Like many (most?) men of his generation, such forces were sufficiently terrifying to keep him in the closet for most of his life, until the early 1980s. He had the opportunity to move his family to Puerto Rico to take a teaching position at a U.S. Naval base, and through various social contacts, began to meet gay men and have sex with them. Still, he kept his gayness secret from his wife and family, disbelieving that an openly gay life was possible career-wise and emotionally.

Merrick provides great detail in describing his affairs, demonstrating his growth from clandestine encounters to love affairs that showed him the way to sharing his life with another man.
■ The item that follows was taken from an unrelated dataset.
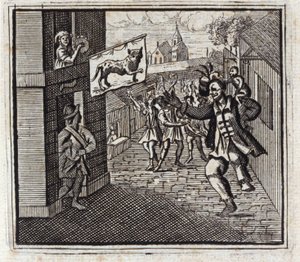 Aben og Leoparden. Fabler af Jean de La Fontaine (1621-95). Illustration af Francois Chauveau (1613-1676). Udgave af 1728. af Francois Chauveau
He pours quite a lot of story into the book, having eight decades to cover, but like most lives, some parts are more riveting than others. Toward the end, when he tells the story of fighting for legal status for his undocumented Mexican husband amid the Trump administration’s anti-immigrant hysteria, one turns the pages rapidly. In lengthy passages of fights with the voices in his head and reminiscences of the physical attractiveness of his past lovers, not so much.

Still, Merrick has recorded an important history of how gay men managed through a hostile climate, from pre-Stonewall, post-Stonewall, AIDS, and the recent resurgence of white nationalism and its close cousin, LGBTQ+ scapegoating. A good book for readers who are struggling to come out themselves and those with interest in gay history.